# Work instructions
Apart from the pictures, every line below needs to be reproduced verbatim.

# Recorded information
--------
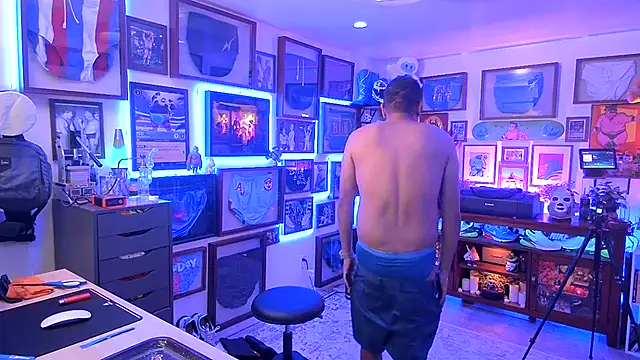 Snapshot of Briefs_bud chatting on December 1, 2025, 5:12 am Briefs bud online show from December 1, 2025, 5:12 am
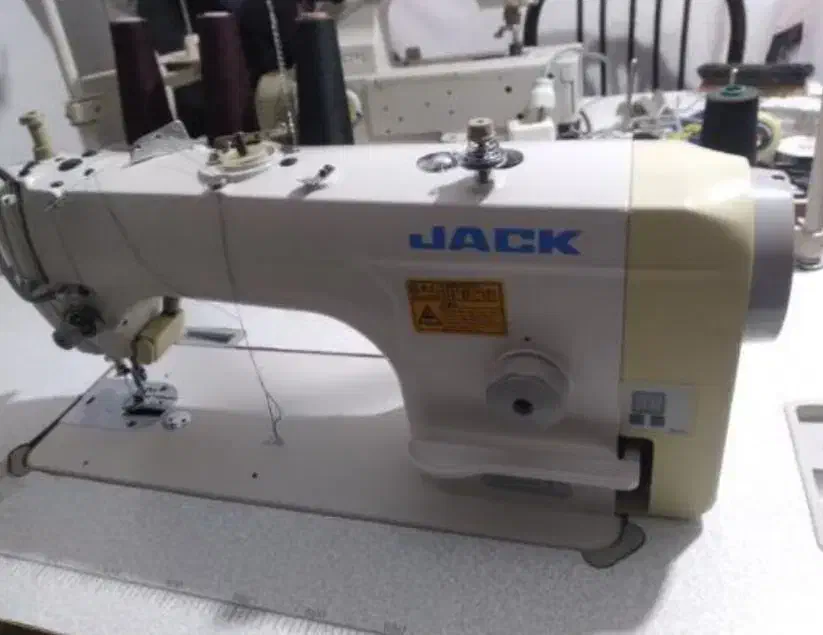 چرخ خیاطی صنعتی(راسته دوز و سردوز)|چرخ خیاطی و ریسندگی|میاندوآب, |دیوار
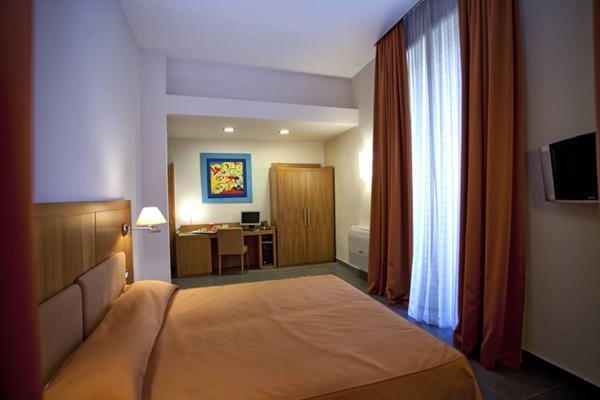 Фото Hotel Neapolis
--------
# Task output
 Snapshot of Briefs_bud chatting on December 1, 2025, 5:12 am Briefs bud online show from December 1, 2025, 5:12 am
 چرخ خیاطی صنعتی(راسته دوز و سردوز)|چرخ خیاطی و ریسندگی|میاندوآب, |دیوار
 Фото Hotel Neapolis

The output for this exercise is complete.